The applicant's argument focuses upon R v SAG [2004] QCA 286 where Jerrard JA with whom the other members of the Court agreed, reviewed a considerable number of decisions of this Court in cases involving the charge of maintaining a sexual relationship. He cited at paragraph 18 many of those cases which involved an offender convicted in respect of one child victim only and on whom a lengthy sentence was upheld or imposed. Each of them was 10 years or more. From this analysis, Jerrard JA then said at paragraph [19] that certain matters have been shown to be significant of substantially increasing the sentence for this offence.
At paragraph [20] he then described the matters which mitigate the penalty as including conduct showing remorse, co-operation with investigating bodies, admissions of offending, co-operation with the administration of justice, and sparing the victims from any contested hearing.
In this case, none of those particular mitigating factors is present, but the applicant's argument is that too few of the aggravating circumstances which are identified in SAG are present to warrant this term of 12 years. It seems that the sentencing Judge was not referred to SAG.
In particular, the applicant argues that he was not in a parental relationship to the complainant; there was never any physical violence or threats of violence, apart that is from the sexual conduct itself; penile rape did not occur; the offence of rape was relatively speaking not a serious one; the complainant did not become pregnant and her evidence suggested that the applicant had consistently practised the withdrawal method of contraception; there was only one complainant; and the applicant's conduct, although reprehensible, was said not to be characterised by the depravity seen in some other cases.
There were those features of the applicant's case but there were also other significant aggravating features as particularly identified in SAG. This child was a comparatively young child when the relationship began and it continued over a lengthy period. There were very many occasions of unlawful carnal knowledge and again over a prolonged period. Although the relationship was not parental, it was a protective relationship. The complainant's father had entrusted the care of his daughter to the applicant. The applicant's threats to abandon the grandmother constituted the emotional blackmail or other manipulation referred to in SAG.

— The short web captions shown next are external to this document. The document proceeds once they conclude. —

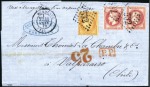 Stamp of Chile 1866-76 Mail from FRANCE, group of 9 covers, all w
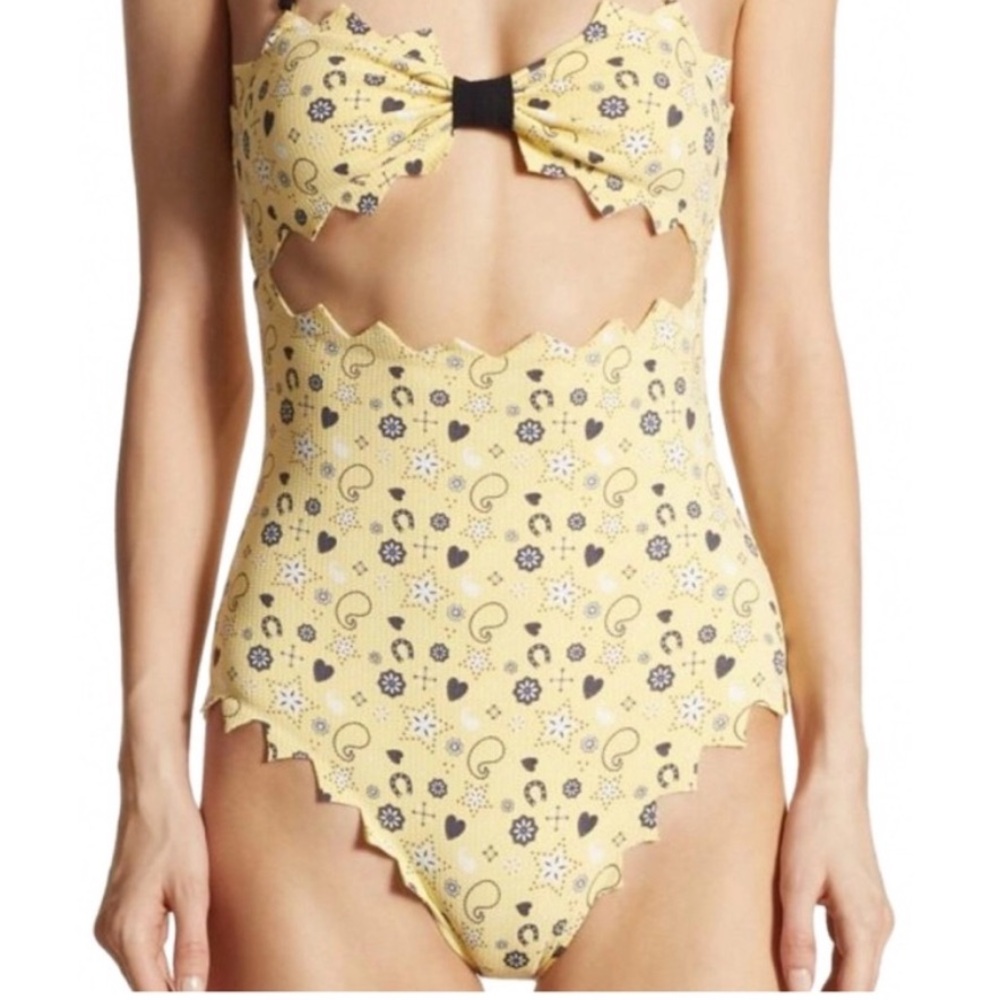 Marysia Swim Yellow Scalloped One-Piece with Black Accent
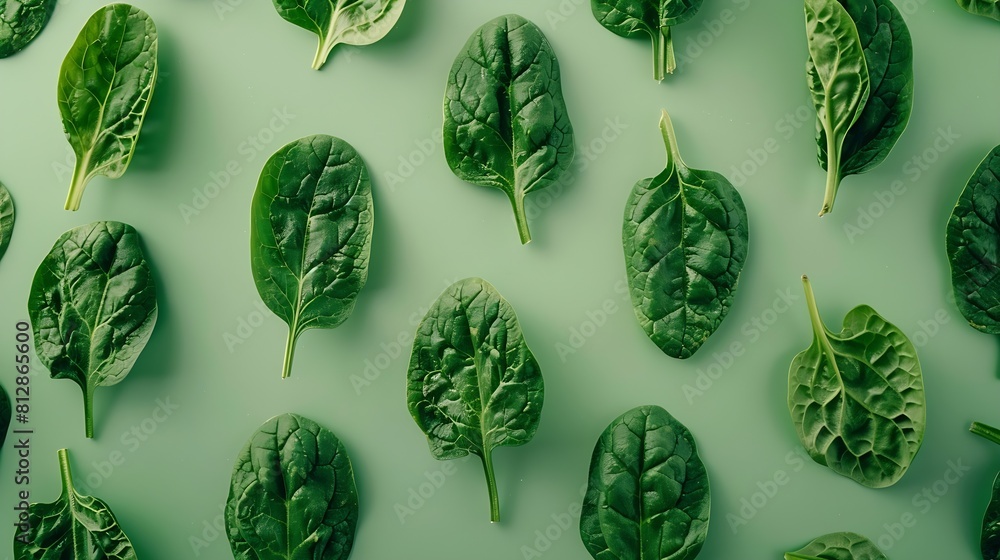 Poster creative layout made of spinach flat lay food concept macro concept : generative ai
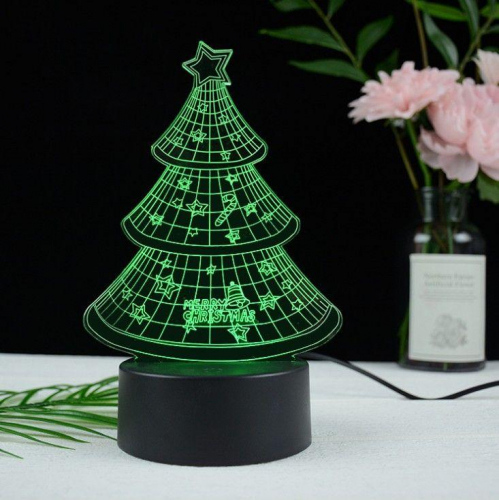 Светильник светодиодный настольный NL-406 "Елочка" 3Вт RGB USB ночник син. Camelion 14564 фото 3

A further submission is that the sentence should have been moderated to reflect the impact of the automatic serious violent offender declaration. That submission is inconsistent with the judgment of this Court in R v Cowie [2005] QCA 223. It was there held that whilst the mandatory declaration is relevant in the consideration of what sentence is just in all the circumstances according to section 9(1) of the Penalties and Sentences Act citing R v. Shillingsworth [2002] 1 QdR 527 and R v. Herford [2001] QCA 177 it was wrong to say that the sentencing court should invariably or at least as a general rule be constrained to sentence at the lower end of an appropriate range where the declaration is mandatory.
Since 1st May 2003, the maximum penalty for an offence of maintaining an unlawful sexual relationship has been life imprisonment. This relationship began before then. Prior to that date, the maximum penalty was 14 years except if there was some specific offence of a particular kind committed during the relationship. In this case, there were offences of unlawful carnal knowledge committed before then with the result that by the then terms of Section 229B(3) of the Criminal Code, the maximum penalty was again life imprisonment.
Because of the analysis undertaken in SAG this case does not call for some review of the appropriate range in the relevant circumstances which can only repeat what was there said. In this matter, there were many circumstances which were aggravating and which made it a more serious example of this offence, and given the absence of any strong mitigating circumstances and the applicant's criminal history, it cannot be said that this sentence was manifestly excessive.
The application for leave to appeal the sentence should be dismissed.
WILLIAMS JA: I agree.
JERRARD JA: I agree.
WILLIAMS JA: The order of the Court is the application is dismissed.